» **Source data**

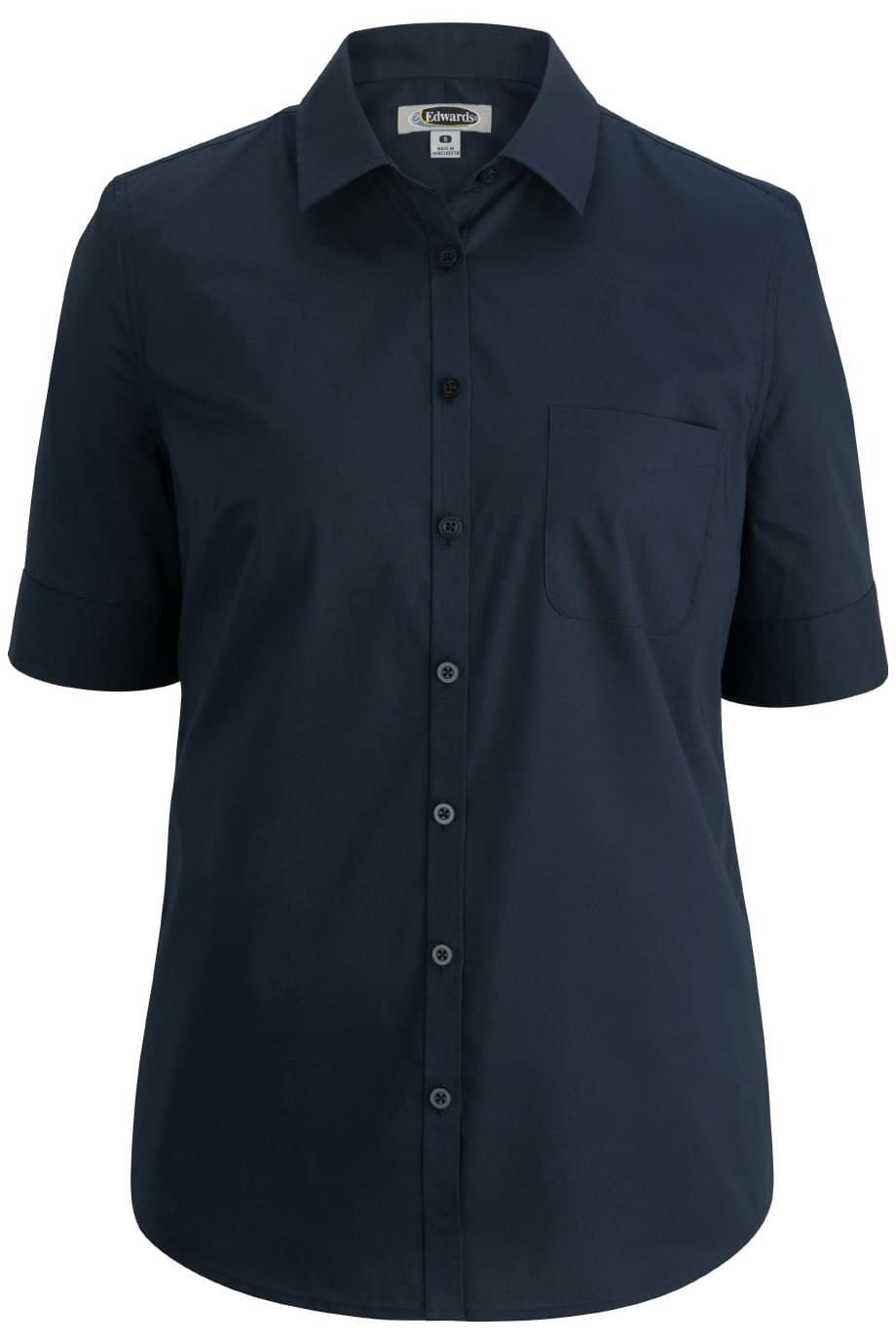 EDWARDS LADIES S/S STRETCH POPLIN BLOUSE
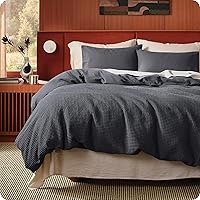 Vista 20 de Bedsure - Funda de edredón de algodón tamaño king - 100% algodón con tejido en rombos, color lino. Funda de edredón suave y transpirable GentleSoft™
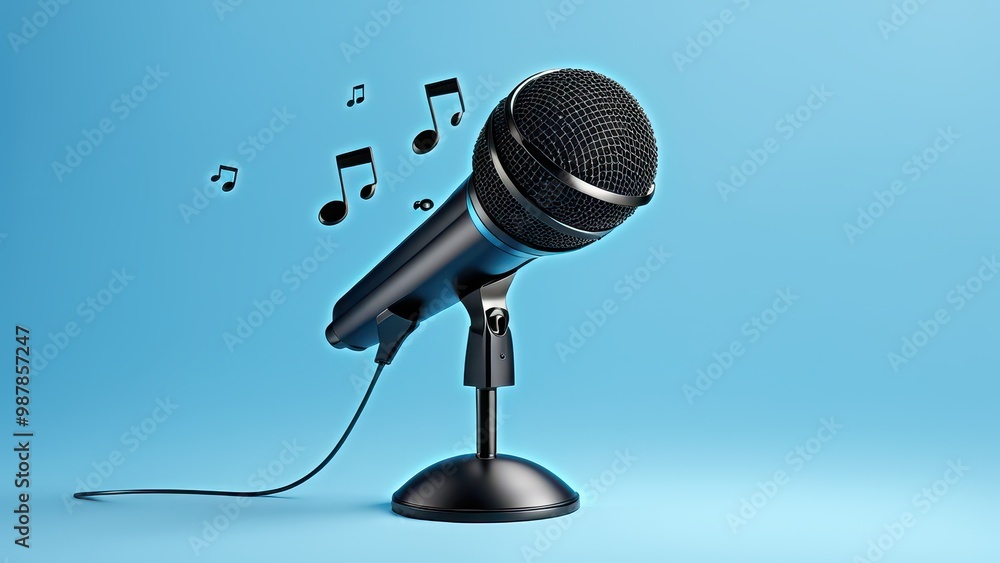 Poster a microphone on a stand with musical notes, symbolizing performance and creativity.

» **What this task involves**
Skip the pictures. Return exactly the lines from the one containing "Vista 20 de" through the end of the data above, both included, and nothing besides.

» **Answer area**
 Vista 20 de Bedsure - Funda de edredón de algodón tamaño king - 100% algodón con tejido en rombos, color lino. Funda de edredón suave y transpirable GentleSoft™
 Poster a microphone on a stand with musical notes, symbolizing performance and creativity.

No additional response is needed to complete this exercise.